Dataset content:
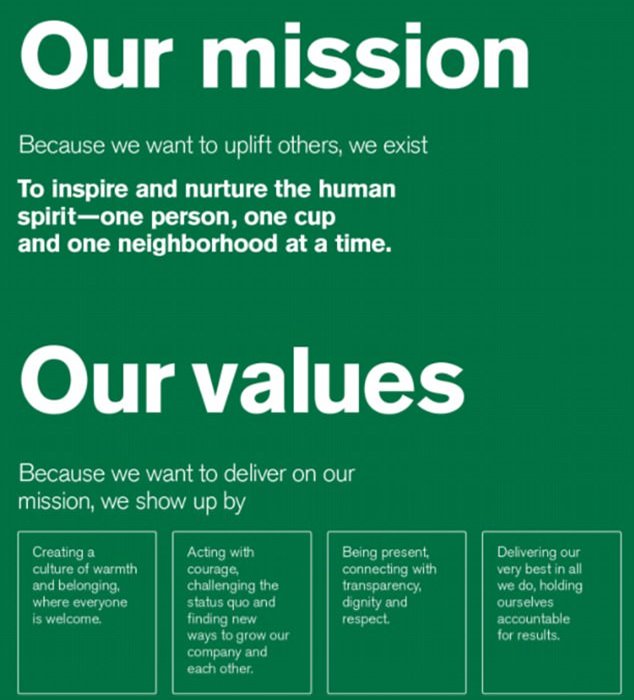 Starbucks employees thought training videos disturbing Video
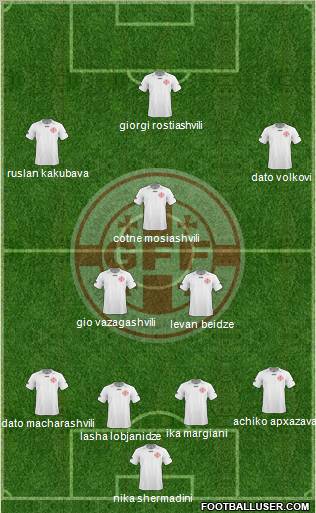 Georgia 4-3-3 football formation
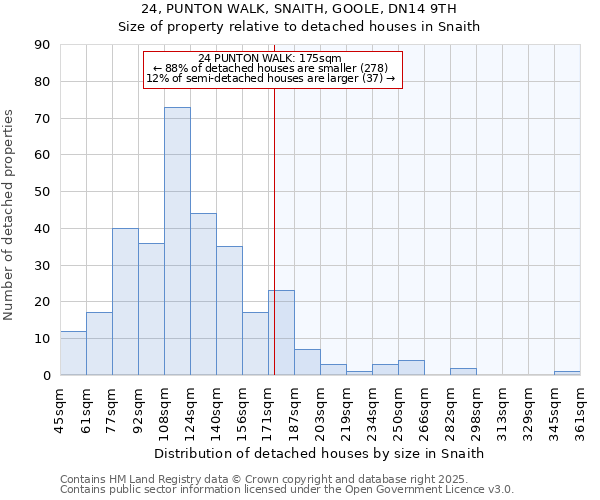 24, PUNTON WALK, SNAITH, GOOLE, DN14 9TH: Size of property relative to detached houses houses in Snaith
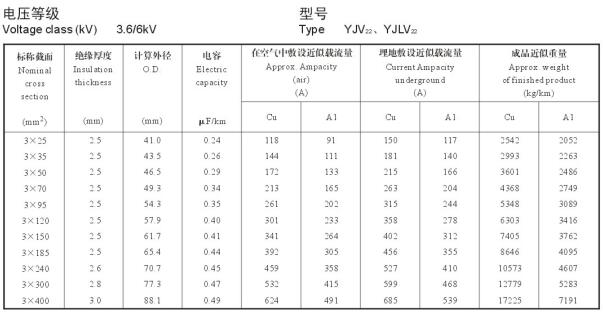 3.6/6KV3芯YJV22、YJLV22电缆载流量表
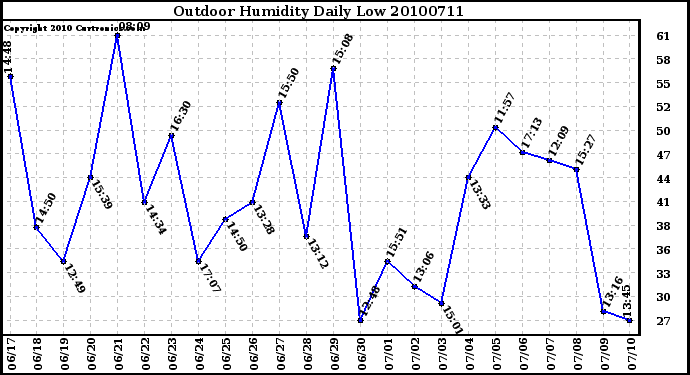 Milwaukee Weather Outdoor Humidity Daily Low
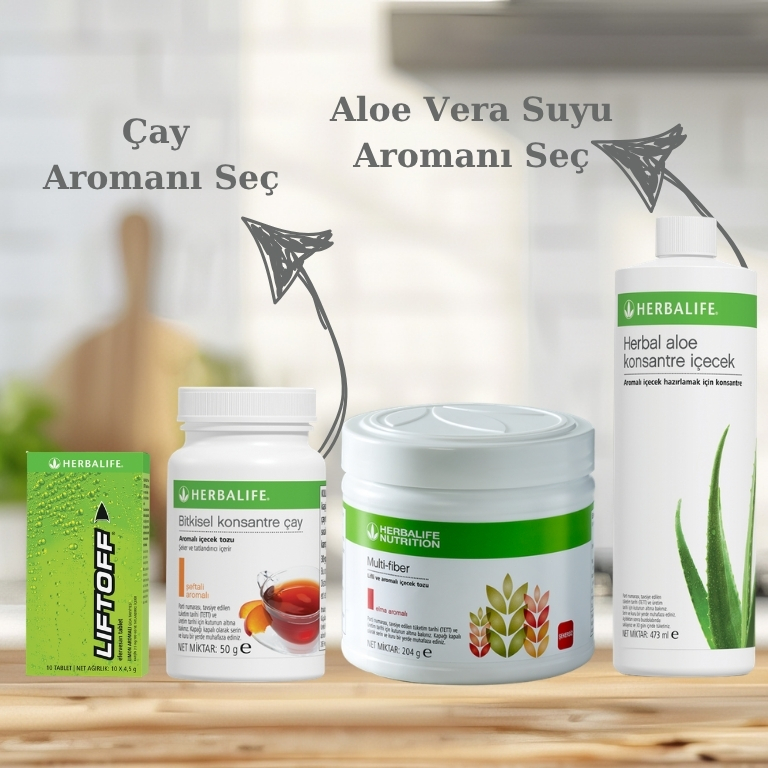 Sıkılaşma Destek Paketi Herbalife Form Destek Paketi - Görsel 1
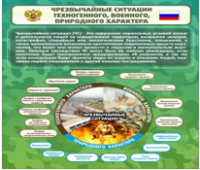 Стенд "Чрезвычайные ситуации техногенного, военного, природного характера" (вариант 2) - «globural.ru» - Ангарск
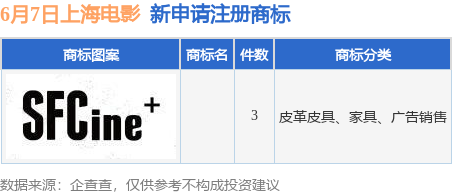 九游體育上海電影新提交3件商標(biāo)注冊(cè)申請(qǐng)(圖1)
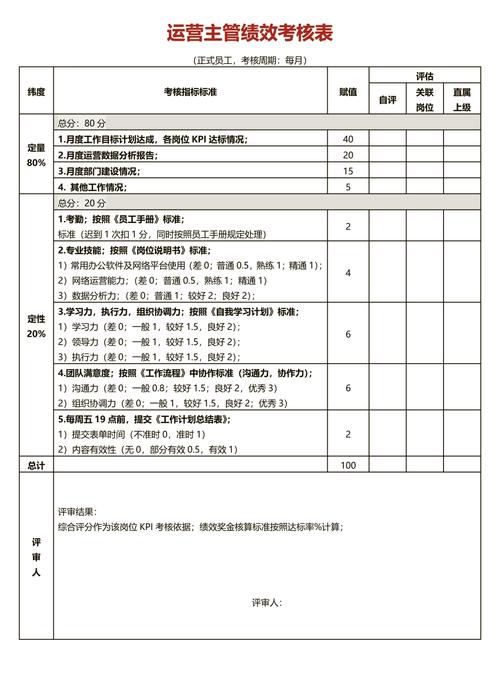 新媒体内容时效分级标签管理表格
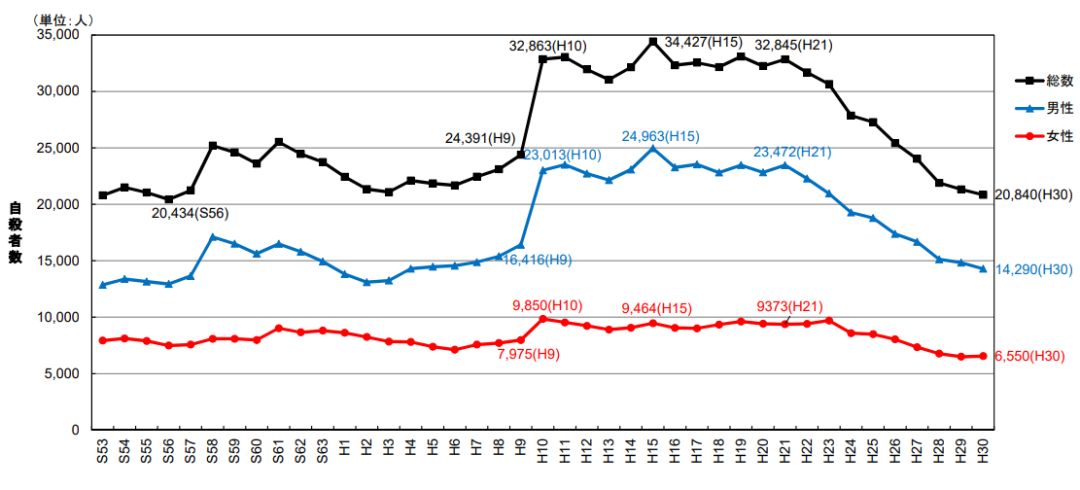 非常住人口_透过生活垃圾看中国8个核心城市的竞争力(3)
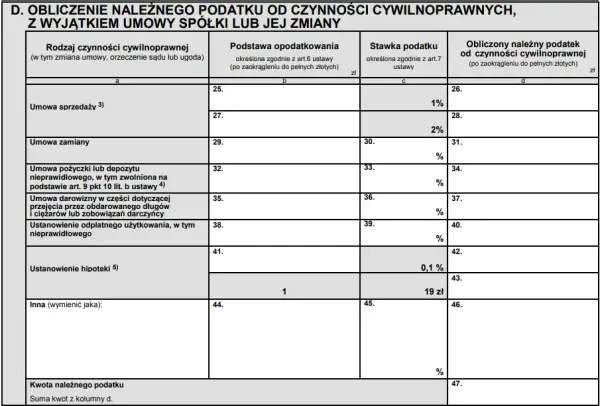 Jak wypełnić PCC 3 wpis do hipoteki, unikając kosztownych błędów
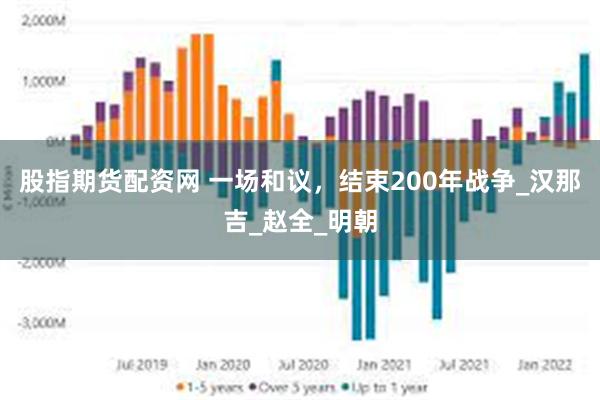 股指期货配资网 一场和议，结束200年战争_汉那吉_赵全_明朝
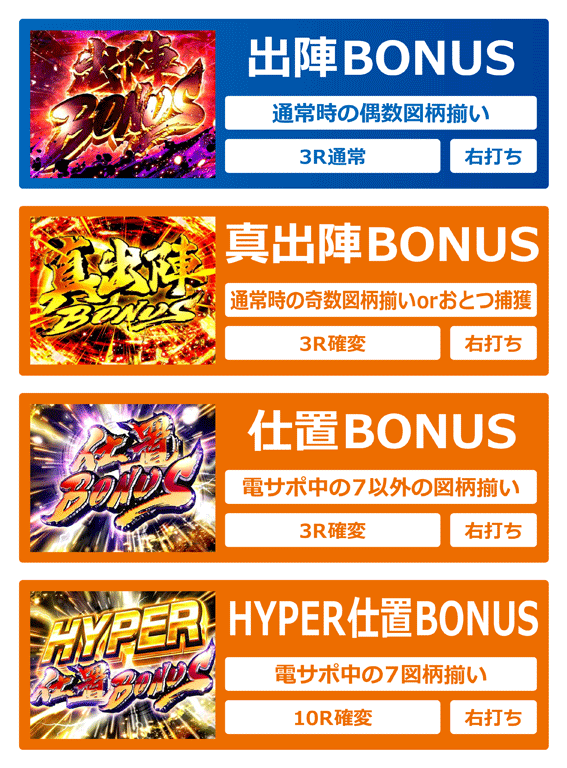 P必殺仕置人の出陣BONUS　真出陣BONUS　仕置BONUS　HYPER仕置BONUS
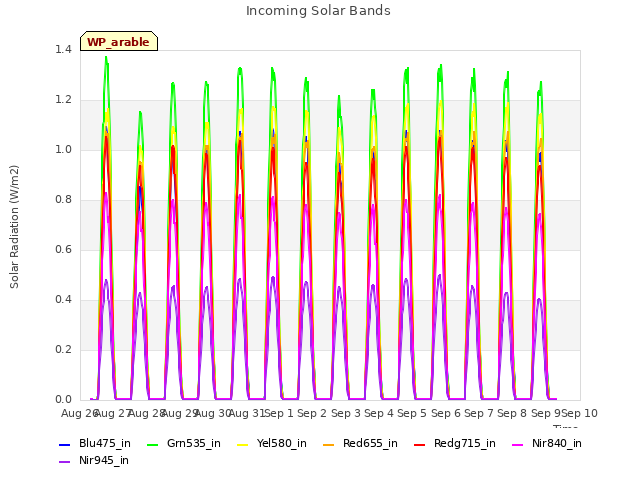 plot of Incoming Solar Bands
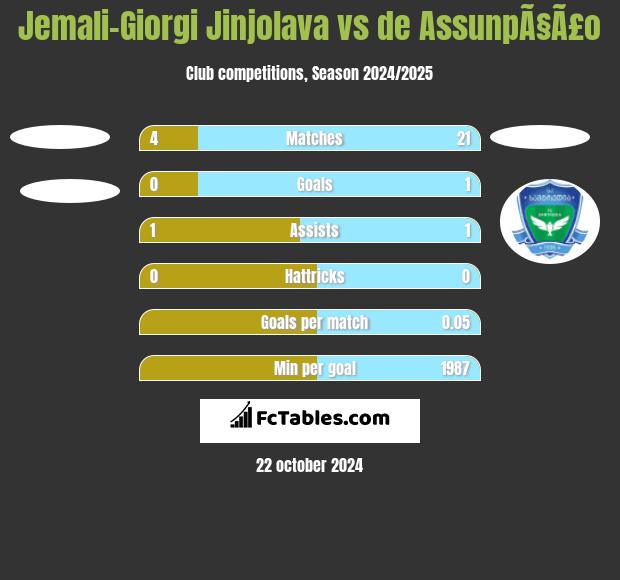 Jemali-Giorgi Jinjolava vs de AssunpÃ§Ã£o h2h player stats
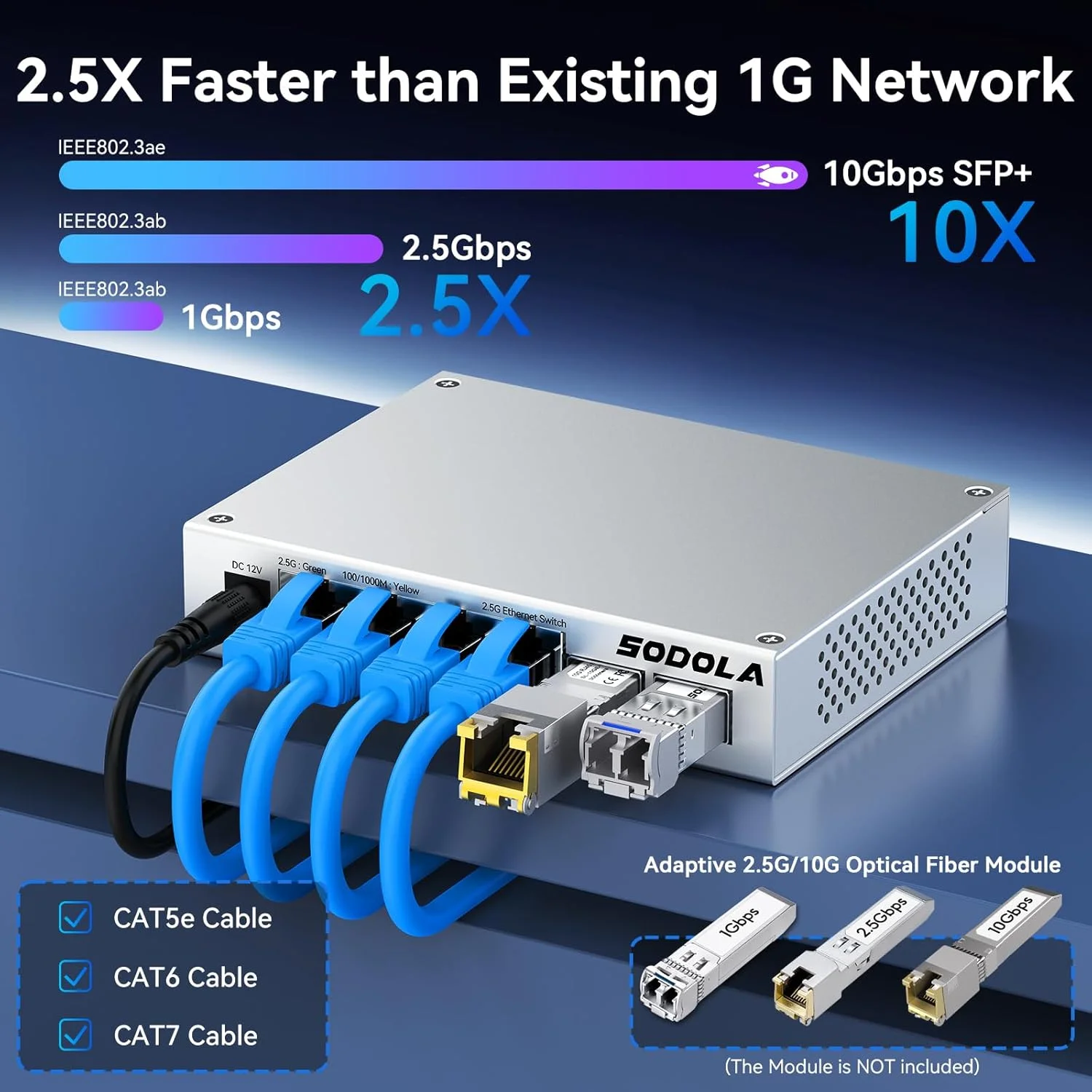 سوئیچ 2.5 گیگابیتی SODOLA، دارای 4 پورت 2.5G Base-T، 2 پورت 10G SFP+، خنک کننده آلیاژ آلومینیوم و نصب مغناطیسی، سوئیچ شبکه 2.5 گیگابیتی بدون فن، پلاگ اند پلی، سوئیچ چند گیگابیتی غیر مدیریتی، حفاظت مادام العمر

Your instructions: Only the lines above from the one containing "Sıkılaşma Destek Paketi" through the one containing "Jemali-Giorgi Jinjolava vs" should be returned, verbatim and inclusive, with pictures excluded.

Result:
 Sıkılaşma Destek Paketi Herbalife Form Destek Paketi - Görsel 1
 Стенд "Чрезвычайные ситуации техногенного, военного, природного характера" (вариант 2) - «globural.ru» - Ангарск
 九游體育上海電影新提交3件商標(biāo)注冊(cè)申請(qǐng)(圖1)
 新媒体内容时效分级标签管理表格
 非常住人口_透过生活垃圾看中国8个核心城市的竞争力(3)
 Jak wypełnić PCC 3 wpis do hipoteki, unikając kosztownych błędów
 股指期货配资网 一场和议，结束200年战争_汉那吉_赵全_明朝
 P必殺仕置人の出陣BONUS　真出陣BONUS　仕置BONUS　HYPER仕置BONUS
 plot of Incoming Solar Bands
 Jemali-Giorgi Jinjolava vs de AssunpÃ§Ã£o h2h player stats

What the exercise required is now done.